"For all of us, becoming indigenous to a place means living as if your children's future mattered, to take care of the land as if our lives, both material and spiritual, depended on it." - Robin Wall Kimmerer, Braiding Sweetgrass
This sculpture of a baby in a coconut shell is titled "Niu Born". The word "Niu" is a Polynesian word for coconut. A play on words for New Born. Coconuts float in water and travel thousands of miles. When they land on ground, they take root and flourish across the land. This sculpture represents how Polynesians have flourished throughout the world bringing their deeply rooted traditions, family values, and culture.
-Lilo Tauvao (Artist)
My husband and I saw this sculpture years ago, before we were married, attending an event promoting Polynesian Artists at Cal State Long Beach. It was a night filled with film, music, poetry, spoken word, and various art mediums, but this sculpture was so striking that it made a powerful impact on both Greg and I. Last year, around my son's first birthday, the artist (Lilo Tauvao) made the sculpture available for purchase and after reading his beautiful description the piece spoke to me so much that I knew we needed this piece in our home.

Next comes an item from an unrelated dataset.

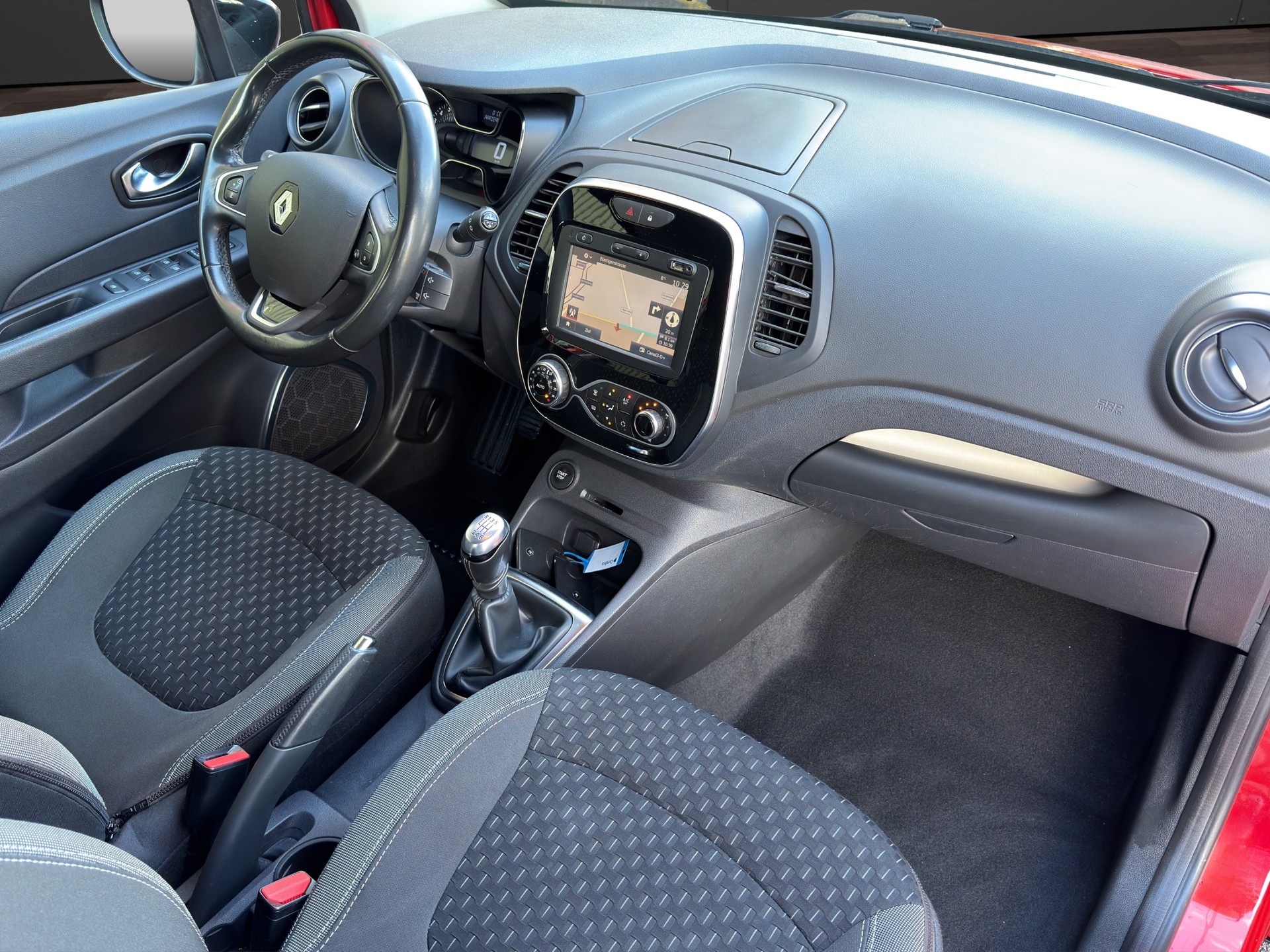 RENAULT Captur 1.2 T 16V Intens-image-20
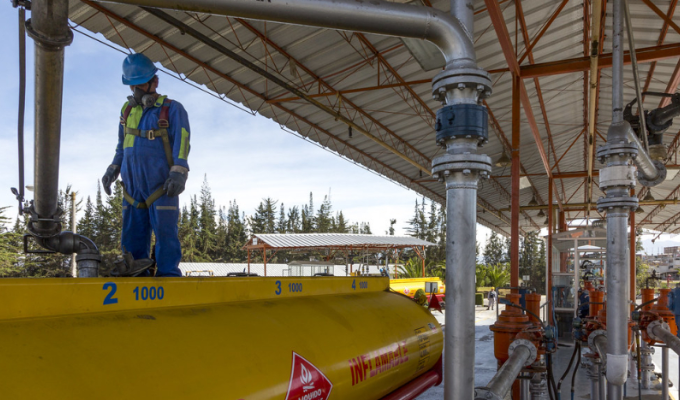 Gobierno sube margen a Petroecuador y Primax a horas del nuevo precio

It makes me think of my father, leaving his small island home in Samoa, with a dream to one day be able to build a home for his parents. His dream took him first to New Zealand where he met a beautiful Maori Maiden, and sprouted roots by started his own family. New Zealand afforded him the opportunity to accomplish his dream and build his parents a home back in his village of Fasito'outa, Upolu, Samoa.
But my father continued to dream and like the coconut travelled thousands of miles to The United States, which he called "The Land of Milk and Honey" to afford his children greater opportunities. I'm so grateful for my immigrant parents for having the courage to sprout new roots in a country far from their island homes while having the strength to stay rooted in their traditions, family values, and culture.
I can see this piece becoming an heirloom to our children. A piece that sparks conversation and brings to our remembrance that no matter how far we travel from the islands,
the islands will always be a part of us.